Thankfully, the rate of loss has slowed in recent years. Habitat protection schemes and more sensitive land management have played their part in starting to turn the tide.
Species rich grasslands can still be found in a few areas - such as this one (main image) at Berthlwyd Farm in Brecknock.
Grasslands also form some of our most iconic landscapes - such as the rocky limestone slopes of south Gower coast in west Glamorgan or the grasslands of the Great Orme’s Head, Conwy. Grasslands can also be of great cultural significance too – for example the damp rhos pastures of parts of west Wales and the south Wales coalfield.

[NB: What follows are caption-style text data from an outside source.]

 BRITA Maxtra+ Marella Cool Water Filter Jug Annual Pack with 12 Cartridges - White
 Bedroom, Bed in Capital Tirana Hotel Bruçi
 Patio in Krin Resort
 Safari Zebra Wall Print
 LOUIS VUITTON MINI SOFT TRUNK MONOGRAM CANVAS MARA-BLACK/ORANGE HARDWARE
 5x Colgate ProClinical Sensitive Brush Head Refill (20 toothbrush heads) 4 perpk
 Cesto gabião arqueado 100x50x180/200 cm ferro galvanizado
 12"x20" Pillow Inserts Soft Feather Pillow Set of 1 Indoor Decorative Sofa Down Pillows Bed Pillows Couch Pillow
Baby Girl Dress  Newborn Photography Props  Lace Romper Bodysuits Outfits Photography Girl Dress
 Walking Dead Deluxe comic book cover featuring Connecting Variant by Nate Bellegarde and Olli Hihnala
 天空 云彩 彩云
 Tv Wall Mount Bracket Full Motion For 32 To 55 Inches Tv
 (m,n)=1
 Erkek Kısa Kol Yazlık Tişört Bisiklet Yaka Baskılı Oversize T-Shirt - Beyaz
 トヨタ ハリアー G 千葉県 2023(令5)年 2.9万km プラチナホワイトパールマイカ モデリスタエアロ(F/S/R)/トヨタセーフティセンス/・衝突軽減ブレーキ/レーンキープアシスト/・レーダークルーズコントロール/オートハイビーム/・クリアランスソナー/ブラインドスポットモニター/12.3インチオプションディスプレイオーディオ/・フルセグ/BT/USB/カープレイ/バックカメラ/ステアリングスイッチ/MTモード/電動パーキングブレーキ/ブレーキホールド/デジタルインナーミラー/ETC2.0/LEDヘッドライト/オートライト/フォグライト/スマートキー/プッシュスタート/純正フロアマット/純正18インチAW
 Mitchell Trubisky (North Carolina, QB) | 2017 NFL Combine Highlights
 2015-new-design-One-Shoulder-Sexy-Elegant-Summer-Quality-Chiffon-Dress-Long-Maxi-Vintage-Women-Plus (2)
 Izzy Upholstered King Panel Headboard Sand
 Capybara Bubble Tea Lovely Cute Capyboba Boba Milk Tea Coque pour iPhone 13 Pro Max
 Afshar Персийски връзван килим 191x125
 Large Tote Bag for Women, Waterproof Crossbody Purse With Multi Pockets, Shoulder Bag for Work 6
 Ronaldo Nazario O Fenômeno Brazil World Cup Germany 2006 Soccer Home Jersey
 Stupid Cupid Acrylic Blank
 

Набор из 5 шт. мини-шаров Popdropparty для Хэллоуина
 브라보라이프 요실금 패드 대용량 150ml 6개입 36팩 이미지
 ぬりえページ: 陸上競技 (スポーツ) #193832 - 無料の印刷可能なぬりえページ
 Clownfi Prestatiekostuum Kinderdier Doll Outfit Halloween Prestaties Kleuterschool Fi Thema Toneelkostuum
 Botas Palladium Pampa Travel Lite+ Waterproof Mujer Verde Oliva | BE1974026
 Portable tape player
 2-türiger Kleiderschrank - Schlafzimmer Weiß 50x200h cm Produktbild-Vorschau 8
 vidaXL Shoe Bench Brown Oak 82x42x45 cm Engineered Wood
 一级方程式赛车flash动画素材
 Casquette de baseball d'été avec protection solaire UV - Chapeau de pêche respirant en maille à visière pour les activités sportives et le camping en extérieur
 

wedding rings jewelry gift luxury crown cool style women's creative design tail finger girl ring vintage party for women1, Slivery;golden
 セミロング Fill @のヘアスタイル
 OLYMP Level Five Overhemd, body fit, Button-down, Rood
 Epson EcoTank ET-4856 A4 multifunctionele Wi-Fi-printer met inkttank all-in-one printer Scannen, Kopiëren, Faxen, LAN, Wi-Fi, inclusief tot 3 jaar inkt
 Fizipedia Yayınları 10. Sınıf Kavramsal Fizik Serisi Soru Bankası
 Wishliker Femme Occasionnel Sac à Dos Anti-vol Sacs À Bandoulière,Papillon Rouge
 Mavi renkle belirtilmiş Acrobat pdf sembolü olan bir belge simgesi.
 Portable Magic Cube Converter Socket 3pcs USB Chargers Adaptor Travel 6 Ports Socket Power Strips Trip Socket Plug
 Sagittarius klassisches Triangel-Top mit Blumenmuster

Because our important grasslands have become so reduced and are so threatened, we need to put measures in place to protect them and give them a helping hand.
Protected sites have shown to be really effective at this and, if coupled with better management across the landscape and an improved awareness of the importance of grasslands, may mean their fortunes will improve.
Survey work in the 1990s and 2000s, identified more than 1000 grassland sites in lowland Wales, but these are often tiny fragments and in poor condition. Now, we are working towards making sure that the very best of these are legally protected as SSSIs or Special Areas of Conservation (SACs).
Local projects can also make a significant contribution to grassland conservation.
Several grassland projects are currently running in Wales, including one based in the Llyn Peninsula which trials ‘payment for results’ as part of agri-environment schemes. This means that farmers take on the responsibility to improve the biodiversity on their farms, and are paid for what they achieve, rather than just following a set of management prescriptions.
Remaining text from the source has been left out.